Le 23 mars 2017, l’Assemblée nationale a sanctionné le projet de loi 102 modifiant la Loi sur la qualité de l’environnement (« LQE »), qui apporte des modifications importantes au régime d’autorisation environnementale.

Le projet de loi 102 a été déposé à l’Assemblée nationale le 7 juin 2016 à la suite du dépôt d’un livre vert sur la modernisation du régime d’autorisation environnementale par le ministre québécois du Développement durable, de l’Environnement et de la Lutte contre les changements climatiques, M. David Heurtel, à l’hiver 2015 et de la tenue de consultations parlementaires. Pour plus de détails sur le projet de loi et le livre vert, veuillez vous reporter aux Bulletins Blakes suivants :

Certains aspects du projet de loi avaient été vivement critiqués par des représentants du secteur industriel, notamment l’étendue des pouvoirs discrétionnaires, parfois non balisés, accordés au ministre et au gouvernement. Certains faisaient valoir que ces pouvoirs risquaient de compromettre la sécurité juridique des autorisations, en permettant notamment d’assujettir à la procédure d’évaluation et d’examen des impacts sur l’environnement certains projets non visés, d’imposer des conditions ou des restrictions dans les autorisations et de modifier ou d’annuler une autorisation une fois émise. L’absence de protection pour les secrets industriels et autres renseignements confidentiels compris dans les documents liés aux autorisations environnementales rendus publics avait également suscité des préoccupations. Malgré les critiques, ces vastes pouvoirs se retrouvent dans la version sanctionnée de la loi.

Les modifications à la LQE entreront progressivement en vigueur. Plus précisément, certaines modifications sont entrées en vigueur le 23 mars 2017, soit le jour de la sanction, alors que la plupart des autres dispositions entreront en vigueur un an après la sanction du projet de loi (le 23 mars 2018), en attendant l’adoption des règlements afin de donner effet aux nouvelles dispositions. Enfin, quelques autres dispositions entreront en vigueur 24 mois après la sanction.
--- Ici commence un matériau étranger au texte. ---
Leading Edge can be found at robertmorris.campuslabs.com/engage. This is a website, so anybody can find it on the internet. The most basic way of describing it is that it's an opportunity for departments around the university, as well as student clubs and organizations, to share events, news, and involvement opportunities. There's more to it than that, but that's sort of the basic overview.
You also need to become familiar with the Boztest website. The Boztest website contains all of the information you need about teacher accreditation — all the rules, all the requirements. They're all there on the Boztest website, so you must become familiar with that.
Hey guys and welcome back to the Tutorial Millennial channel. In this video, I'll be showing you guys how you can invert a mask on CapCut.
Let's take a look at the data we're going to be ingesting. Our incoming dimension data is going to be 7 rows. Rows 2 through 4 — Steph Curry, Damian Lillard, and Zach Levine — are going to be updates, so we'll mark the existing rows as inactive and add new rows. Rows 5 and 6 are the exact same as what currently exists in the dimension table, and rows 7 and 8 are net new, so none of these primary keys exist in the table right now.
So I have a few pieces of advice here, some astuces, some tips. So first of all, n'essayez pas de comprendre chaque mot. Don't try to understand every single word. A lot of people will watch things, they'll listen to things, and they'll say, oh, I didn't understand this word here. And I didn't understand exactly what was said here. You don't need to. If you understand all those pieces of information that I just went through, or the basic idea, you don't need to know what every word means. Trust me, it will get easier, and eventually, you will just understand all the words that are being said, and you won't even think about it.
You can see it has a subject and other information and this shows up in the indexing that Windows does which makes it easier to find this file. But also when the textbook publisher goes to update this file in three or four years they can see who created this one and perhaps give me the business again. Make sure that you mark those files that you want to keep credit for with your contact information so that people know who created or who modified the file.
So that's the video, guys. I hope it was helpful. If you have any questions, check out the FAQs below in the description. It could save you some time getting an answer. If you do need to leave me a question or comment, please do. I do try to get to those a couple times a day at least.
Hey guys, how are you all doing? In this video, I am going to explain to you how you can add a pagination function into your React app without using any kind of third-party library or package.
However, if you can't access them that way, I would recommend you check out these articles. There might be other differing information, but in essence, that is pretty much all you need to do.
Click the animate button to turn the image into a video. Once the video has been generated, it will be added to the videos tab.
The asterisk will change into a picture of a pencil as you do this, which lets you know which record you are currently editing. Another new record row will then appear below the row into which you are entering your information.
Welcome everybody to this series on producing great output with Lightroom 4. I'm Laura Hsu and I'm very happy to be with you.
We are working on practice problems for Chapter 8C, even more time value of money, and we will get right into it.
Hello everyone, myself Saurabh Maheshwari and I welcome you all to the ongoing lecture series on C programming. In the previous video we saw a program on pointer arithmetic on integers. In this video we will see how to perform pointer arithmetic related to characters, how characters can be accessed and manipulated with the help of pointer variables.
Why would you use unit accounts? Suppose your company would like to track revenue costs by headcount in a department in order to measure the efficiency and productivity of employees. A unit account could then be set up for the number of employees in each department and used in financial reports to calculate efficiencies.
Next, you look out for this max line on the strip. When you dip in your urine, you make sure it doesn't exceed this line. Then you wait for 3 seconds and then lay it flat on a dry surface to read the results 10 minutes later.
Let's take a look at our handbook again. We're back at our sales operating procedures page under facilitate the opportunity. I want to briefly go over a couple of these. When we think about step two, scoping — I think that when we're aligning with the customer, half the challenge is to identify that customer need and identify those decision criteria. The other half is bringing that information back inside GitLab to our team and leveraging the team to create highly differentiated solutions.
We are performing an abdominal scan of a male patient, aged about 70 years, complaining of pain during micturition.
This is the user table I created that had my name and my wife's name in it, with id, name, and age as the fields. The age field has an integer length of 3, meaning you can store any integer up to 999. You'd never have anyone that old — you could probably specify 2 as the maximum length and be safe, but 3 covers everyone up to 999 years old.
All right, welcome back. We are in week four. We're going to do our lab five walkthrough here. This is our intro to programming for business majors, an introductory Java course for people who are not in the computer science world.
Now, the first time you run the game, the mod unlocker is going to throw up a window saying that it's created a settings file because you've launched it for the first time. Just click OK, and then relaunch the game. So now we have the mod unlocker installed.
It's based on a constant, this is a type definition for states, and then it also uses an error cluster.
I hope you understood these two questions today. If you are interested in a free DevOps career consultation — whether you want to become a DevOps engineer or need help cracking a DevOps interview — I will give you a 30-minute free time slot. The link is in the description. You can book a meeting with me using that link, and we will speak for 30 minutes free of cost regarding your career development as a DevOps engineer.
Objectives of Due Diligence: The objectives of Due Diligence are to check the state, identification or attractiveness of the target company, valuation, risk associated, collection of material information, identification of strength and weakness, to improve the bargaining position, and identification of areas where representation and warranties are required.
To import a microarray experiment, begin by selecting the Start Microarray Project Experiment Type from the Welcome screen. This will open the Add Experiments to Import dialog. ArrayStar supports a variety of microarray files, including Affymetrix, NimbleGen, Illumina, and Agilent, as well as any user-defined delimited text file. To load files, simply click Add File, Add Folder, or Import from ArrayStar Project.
Voici les modifications principales proposées par le projet de loi :

Modulation du régime d’autorisation en fonction du risque pour l’environnement – Le type d’autorisation requise dépendra dorénavant du niveau de risque d’un projet, les projets étant classés selon quatre niveaux de risqué : (i) risque élevé; (ii) risque modéré; (iii) risque faible; et (iv) risque négligeable. La loi prévoit que le nouveau régime entrera en vigueur le 23 mars 2018. Cette approche a pour avantage d’alléger les exigences pour les activités dont les risques sont moins élevés.

Les projets à risque élevé demeureront assujettis à la procédure d’évaluation et d’examen des impacts sur l’environnement et un certificat d’autorisation délivré par le gouvernement devra être obtenu. La liste de ces projets paraîtra dans un règlement.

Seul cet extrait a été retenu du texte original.